_Description of the task_
Write out the line that has "A beach view" in it, along with each line that comes after it until the listing ends, and add nothing.

_The input_
+ + + + + + +
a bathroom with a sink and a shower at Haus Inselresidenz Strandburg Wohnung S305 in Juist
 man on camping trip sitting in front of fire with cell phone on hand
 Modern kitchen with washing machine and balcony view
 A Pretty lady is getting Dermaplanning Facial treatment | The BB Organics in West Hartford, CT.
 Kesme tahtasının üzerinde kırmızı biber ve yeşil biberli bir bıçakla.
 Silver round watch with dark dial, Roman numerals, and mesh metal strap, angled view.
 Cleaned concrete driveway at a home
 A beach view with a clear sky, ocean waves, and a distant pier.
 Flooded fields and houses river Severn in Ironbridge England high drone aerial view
+ + + + + + +
_Solution to the problem_
 A beach view with a clear sky, ocean waves, and a distant pier.
 Flooded fields and houses river Severn in Ironbridge England high drone aerial view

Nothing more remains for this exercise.